» **Collected data entries**
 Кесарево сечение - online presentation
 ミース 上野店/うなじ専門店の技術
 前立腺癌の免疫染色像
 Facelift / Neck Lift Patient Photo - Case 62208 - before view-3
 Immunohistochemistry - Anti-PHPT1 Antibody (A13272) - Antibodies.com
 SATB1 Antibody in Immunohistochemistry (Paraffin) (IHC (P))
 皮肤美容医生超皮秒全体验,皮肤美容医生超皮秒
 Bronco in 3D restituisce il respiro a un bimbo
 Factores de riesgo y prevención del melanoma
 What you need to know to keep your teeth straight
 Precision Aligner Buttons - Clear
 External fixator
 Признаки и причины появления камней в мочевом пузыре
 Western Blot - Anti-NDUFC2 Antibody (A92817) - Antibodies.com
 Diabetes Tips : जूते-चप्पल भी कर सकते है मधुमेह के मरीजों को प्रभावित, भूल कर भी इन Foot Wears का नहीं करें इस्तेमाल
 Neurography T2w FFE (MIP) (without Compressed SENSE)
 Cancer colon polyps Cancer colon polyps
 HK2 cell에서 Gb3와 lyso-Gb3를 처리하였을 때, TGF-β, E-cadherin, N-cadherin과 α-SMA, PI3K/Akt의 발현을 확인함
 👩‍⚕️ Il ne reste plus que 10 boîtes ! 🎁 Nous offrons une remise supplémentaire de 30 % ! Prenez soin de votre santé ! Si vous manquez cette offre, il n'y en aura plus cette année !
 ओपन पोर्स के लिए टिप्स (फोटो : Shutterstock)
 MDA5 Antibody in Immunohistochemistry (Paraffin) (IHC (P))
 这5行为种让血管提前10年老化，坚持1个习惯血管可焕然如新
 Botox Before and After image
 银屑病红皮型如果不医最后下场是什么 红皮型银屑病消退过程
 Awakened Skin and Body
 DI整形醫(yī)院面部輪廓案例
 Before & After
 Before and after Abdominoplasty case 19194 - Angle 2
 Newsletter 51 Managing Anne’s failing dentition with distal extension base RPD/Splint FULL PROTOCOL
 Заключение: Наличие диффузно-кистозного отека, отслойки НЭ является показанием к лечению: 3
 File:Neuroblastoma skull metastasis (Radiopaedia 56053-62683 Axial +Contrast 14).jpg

» **THE PROBLEM**
Set down, exactly as written, each line of the data from its opening line through the one containing "What you need". Output nothing more.

» **ANSWER SECTION**
 Кесарево сечение - online presentation
 ミース 上野店/うなじ専門店の技術
 前立腺癌の免疫染色像
 Facelift / Neck Lift Patient Photo - Case 62208 - before view-3
 Immunohistochemistry - Anti-PHPT1 Antibody (A13272) - Antibodies.com
 SATB1 Antibody in Immunohistochemistry (Paraffin) (IHC (P))
 皮肤美容医生超皮秒全体验,皮肤美容医生超皮秒
 Bronco in 3D restituisce il respiro a un bimbo
 Factores de riesgo y prevención del melanoma
 What you need to know to keep your teeth straight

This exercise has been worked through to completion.